In order for Natural Law to work we must identify what is good. According to G.R Moore this goes against the naturalistic fallacy. He argues that the notion of goodness is unanalyzable and unnatural so it cannot be defined by any reference to nature. Aquinas argues the humans are social animals and it is part of our nature to want to live peacefully in the company of others. As caring for others in a righteous act and is in our nature it must be good. Moore will then say ‘ you cannot derive an ought from an is’ which means that even though we may be naturally inclined to care for other does not mean we ought to.

Karl Barth thinks that Natural Law depends too much on reason and that humans cannot be trusted as their nature can be corrupt. He also states that we do not depend enough on the grace of God and the revelation in the Bible. This criticism can be put down, as Natural Law is the moral law in which God has built into our nature. Followers of Natural Law do depend on authority; they depend on God for guidance and to influence us in our moral behavior. Karl Barth may be looking too much at the Kantian influence on Natural Law and religion ethics. Yes, follower of Natural Law and religious ethics are to base their actions on pure reason, but we also take into consideration the known consequences that can be achieved. Kant says that we do not need an authority figure where as in Natural Law and religion ethics says we do. Our authority Figure in Natural Law is God, he has given us the moral Laws. Karl Barth may be concerned with the secondary precepts where we use reason to justify our actions, but there is nothing to be concerned about as long as our actions justify the primary precepts and we are to commit real good.

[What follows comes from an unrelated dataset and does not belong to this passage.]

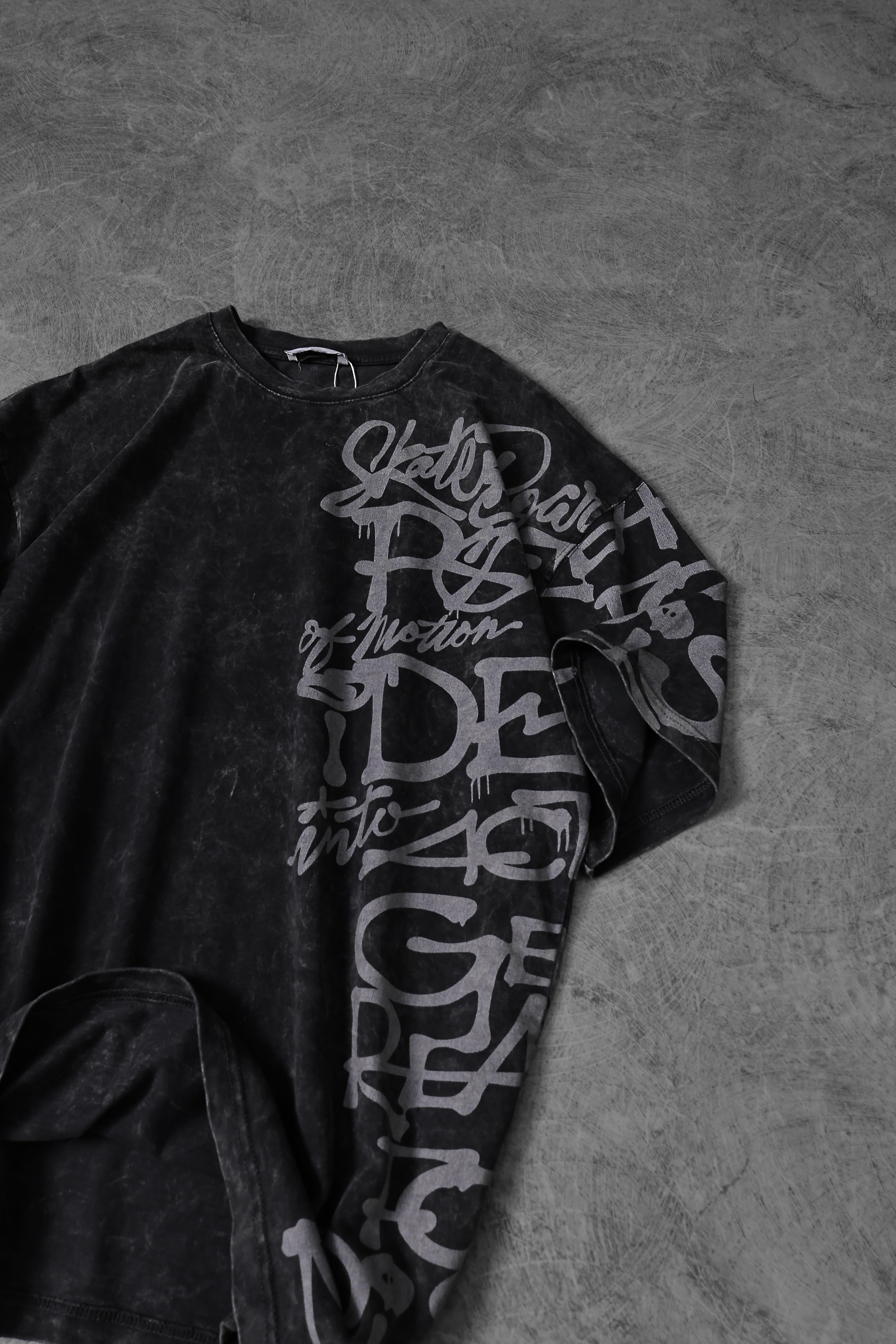 Men's Anthracite Graffiti Side Print Special Washed Fabric Oversize T-shirt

Peter Vardy argues that the general moral laws in Natural Law are too broad to apply to specific personal situations. We can argue against this criticism by saying that although it can be a challenge to narrow the broadness of the law, it can still be applied as long as the primary precepts are followed. If we take the question ‘ should more money be spent on schools rather than on hospitals?’ it seems that Natural Law will not be ale to justify either side. This question concerns two of the primary precepts, the preservation of life, and protection of the innocent. In school we educate our children to protect them from falling into debt, or peer pressure, to gain qualifications in order to achieve a stable job, which can protect them from a bad life and welcome in a good life. In hospitals we save the life of young children and pensioners in order to preserve their life. As no primary precept is worth more than the other, the answer would be to spend equal amount of money in both areas.

Some scholars argue that Natural Law may not work as they think it is that you must follow what come naturally to you. If you are in a situation where anger arises and your instincts tell you to conform your anger with violence, you must do so as it comes naturally to you, this of course does not justify goodness. What Aquinas may say to revive his theory is that Natural Law is not about what comes to us naturally but nature interpreted by human reason.

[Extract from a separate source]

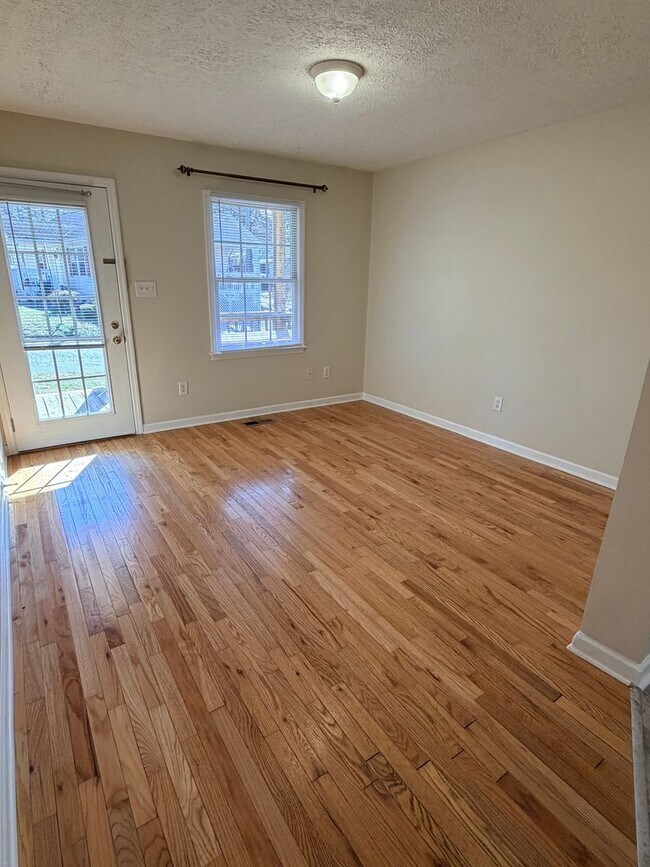 Building Photo - 2 Bedroom 2 Bath Cape Style House in East Asheville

Overall I do not think there is a serious weakness to Natural Law. Most criticisms can be answered rationally. The main criticism that I think is the strongest must be the taking away of free will. Free will is a gift given to us from God, it would be wrong to say that we are forbidden to commit acts such as abortion or active euthanasia. Natural Law is a happy balance between deontological and teleological theories as it looks at known consequences and pure reason. I agree with Aquinas’ Natural Law, I think if we are to live a just life as humans, the primary precepts are essential. My response to the argument of free will is that although it is forbidden to commit abortion, there is nothing physically stopping us to proceed with the action so the essence of free will is still there.